Avertissement prealable au lecteur : cet article est long. Tres long. Mais c'etait tellement bien...

L'aventure commence a la Paz, avec le bus. Le bolivien a une facheuse tendance a arriver au dernier moment, voire en retard. 10 min avant le depart, le bus est pret. C'est sans compter sur un bolivien qui arrive avec une pile de cartons aussi haute que lui. On reorganise les soutes, oui car je participe aussi. Certains cartons ou sacs vont rejoindre les 4m3 de feuilles de coca qui sont deja sur le toit. C'est bon, tout rentre. Et non, 5 min plus tard, rebelote. Puis a nouveau avec un cadeau de Noel super fragile qui finira aussi sur le toit, faute de place. Le bouquet final, c'est quand un jeune arrive avec rien de moins qu'une machine a laver pour prendre le bus. Je n'ai que ca, dit-il. Heureusement! Hop, sur le toit aussi.
On peut enfin partir avec 1h de retard mais au bout de 30 secondes, arret... Le guidon d'une bicyclette arrache les fils du reseau electrique. Le chargement est un peu haut peut etre. Pas de probleme, le deuxieme chauffeur passe par une fenetre du bus pour monter soulever les fils et regler ce petit detail.
30 min plus tard, on s'arrete de nouveau a la sortie de La Paz. On a un petit probleme avec la bicyclette. Elle gene pour passer un peage. Apres un rapide sondage, il s'avere qu'elle n'est a personne. Elle a du etre chargee par inadvertance. On hesite a la laisser la, a la garder. Finalement on la deplace et elle ira passer les fetes de fin d'annee a Rurre, sans son proprietaire. On repart une heure plus tard...

On monte a 4600m avant de redescendre par la magnifique region des Yungas. On emprunte un nouvelle route asphaltee d'ou l'on peut admirer a loisir la "route de la mort" sur l'autre versant qui sert surtout aujourd'hui aux VTTistes amateurs de sensations fortes.
Tout d'un coup, ca frappe dans tous les sens sur les cotes du bus. On vient de crever. Le bolivien a aussi tendance a surveiller le bus et la route. Rassurant... ou pas. Un gars va ainsi faire quasi tout le voyage la tete a la fenetre, la casquette vissee sur le front. On s'arrete pour changer la roue qui se trouve bien judicieusement au fond de la soute a bagages...
1h plus tard, on a gagne le fond de la vallee et une route de terre qui serpente le long du rio Beni. Ca frappe a nouveau.

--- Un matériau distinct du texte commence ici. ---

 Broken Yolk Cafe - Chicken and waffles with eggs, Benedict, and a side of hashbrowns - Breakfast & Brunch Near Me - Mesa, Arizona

Crevaison mais la on ne s'arrete pas. On n'a qu'une seule roue de secours. Notre ami bolivien ne quitte pas la route de yeux. Il est du cote du precipice et de la crevaison. La poussiere, meme pas peur. Un camion arrive en face. On le croise a gauche. Solene pense qu'ils ont du etre colonises par les anglais en fait. On comprendra un peu plus tard, devant la systematisation du phenomene, que cela permet au chauffeur, assis a gauche forcement, de mieux apprecier la distance qui le separe du ravin. Tout va bien. 
Un peu plus loin, on s'arrete pendant deux heures pour reparer les deux roues dans une gomeria. Le temps pour nous de grignoter quelques trucs et d'improviser un apero coca - biscuits sales.
22h apres notre depart, on arrive enfin a Rurre, presque dans le temps. A 5h pres.

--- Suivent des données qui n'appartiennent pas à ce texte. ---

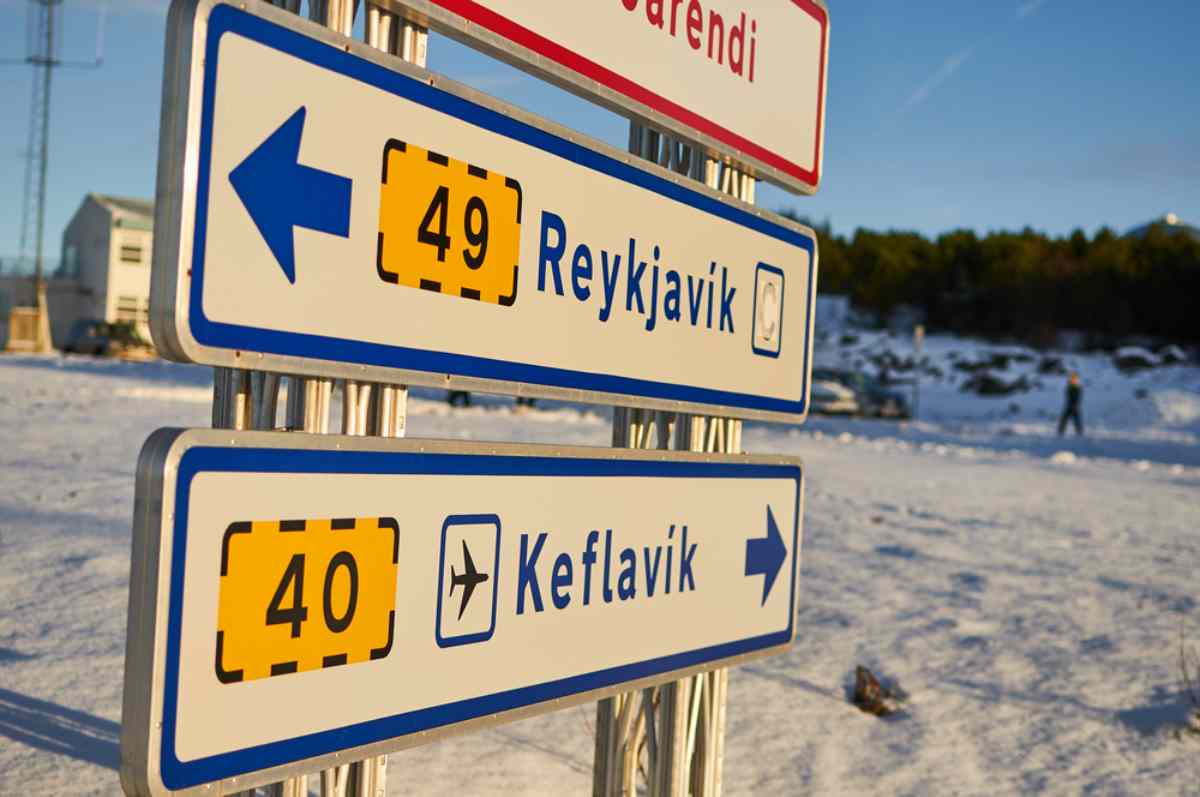 Keflavik Airport and Reykjavik: ONE-WAY Private Transfer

La, changement complet d'atmosphere. Il fait chaud, humide, tout parait paisible. Les gens se deplacent en moto, sans casque forcement. On se croirait presque dans les iles. Les tenues legeres sont de sortie. Solene va pouvoir profiter pleinement toute la semaine de mon short Vertical, motifs 1991. Un must. Desole, c'etait le plus leger. Elle, arbore une robe rouge, forcement plus elegante. Farniente. Ca change de La Paz et ses temperatures plutot fraiches.
Le soir je goute au surubi a la plancha, un delicieux poisson a la texture exquise, peche dans le rio Beni meme.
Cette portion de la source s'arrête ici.